Interactive CD to Promote Safe School Initiative
The United States Secret Service and United States Department of Education announced the release of the latest tool for educators and communities to improve school safety. The interactive CD-ROM, titled A Safe School and Threat Assessment Experience: Scenarios Exploring the Findings of the Safe School Initiative , is designed to complement the final report on the Safe School Initiative (SSI).
Patterned after the Secret Service’s previous operational studies and research into targeted violence and implemented through the U.S. Secret Service’s National Threat Assessment Center and the U.S. Department of Education’s Safe and Drug Free Schools Program, the SSI examined 37 incidents involving 41 school attacks that had occurred between 1974 and 2000. The study found that school attacks are rarely impulsive. Rather, they are typically thought out and planned in advance. One of the key recommendations of the SSI was that schools form multidisciplinary threat assessment teams to assist with identifying, assessing and managing students who may pose a threat of targeted violence.

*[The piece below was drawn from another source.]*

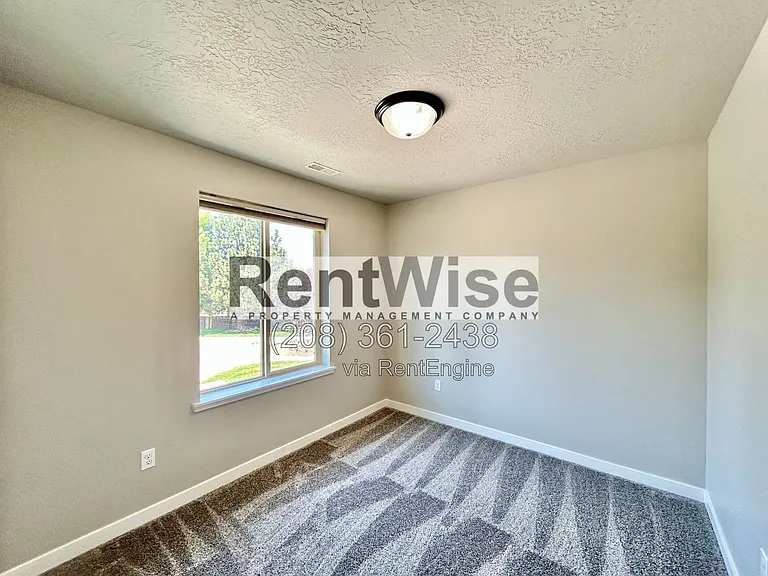 1897 N Justin Ave — Photo 8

It is for such school-based threat assessment teams that the interactive CD has been developed. Through the use of two hypothetical school-based scenarios, school threat assessment team members may further develop their skills in conducting a virtual threat assessment inquiry. The interactive format visually integrates the study findings, threat assessment processes and implications for prevention. In addition to the scenarios, this CD also contains key research findings, interviews with study authors and practitioners and links to additional resources.

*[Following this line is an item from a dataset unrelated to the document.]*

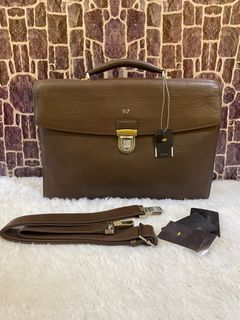 (Kategori: ) berada di . Dikirim oleh bnshop_ (ID iklan 1384525507, Gambar 1). Deskripsi: .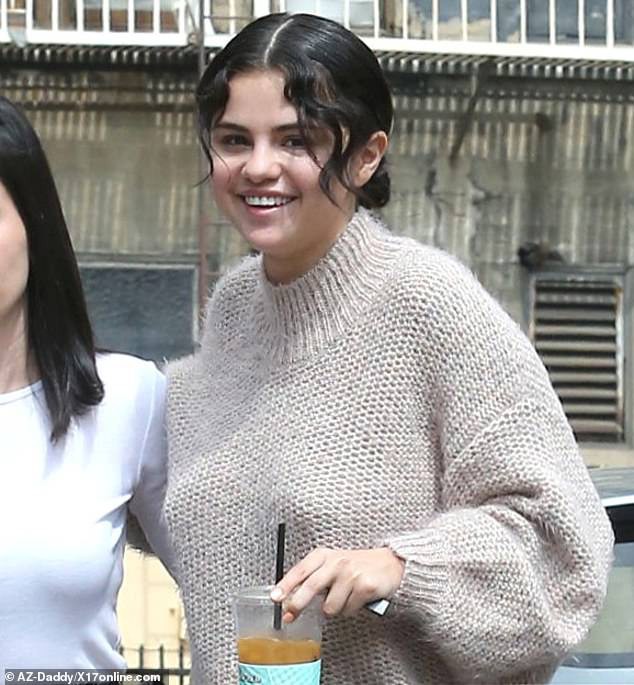 Xôn xao trước loạt hình ảnh phát tướng bất thường của Selena Gomez, nữ hoàng Instagram một thời nay còn đâu? - Ảnh 2.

“We are committed to sharing our expertise in threat assessment and violence prevention so that others, especially our nation’s schools, may benefit,” Secret Service Director Mark Sullivan said. “I am pleased that this training tool will offer schools and communities additional resources and information that may help them prevent future attacks.”

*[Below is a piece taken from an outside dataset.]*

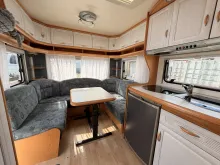 Fahrzeugbild Hobby De Luxe Easy 460 UFe mit Mover, City-Wasseranschluß #3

“We know that when our schools aren’t safe, teachers can’t teach, and children can’t learn,” said Deborah Price, Assistant Deputy Secretary of the U.S. Department of Education’s Office of Safe and Drug-Free Schools. “Schools are safe places; however, they can be made safer. This CD-ROM is a timely and important tool in working to ensure our schools are the safest places possible.”
Beginning in January, the CD will be distributed to law enforcement and school safety personnel across the country and can be ordered via the Department of Education website at www.edpubs.org/.
About the Secret Service’s National Threat Assessment Center
The National Threat Assessment Center (NTAC) was created by the Secret Service in 1998 to provide leadership and guidance to the emerging field of threat assessment. Specifically, NTAC offers timely, realistic, useful and effective advice to law enforcement and other professionals and organizations with responsibilities to investigate and/or prevent targeted violence.
About the Department of Education’s Safe and Drug Free Schools Program
The Office of Safe and Drug-Free Schools administers, coordinates and recommends policy for improving the quality and excellence of programs and activities designed to keep our schools safe and drug-free. The office, established in 2002, provides financial assistance for drug and violence prevention activities and activities that promote the health and well being of students in elementary and secondary schools, and institutions of higher education.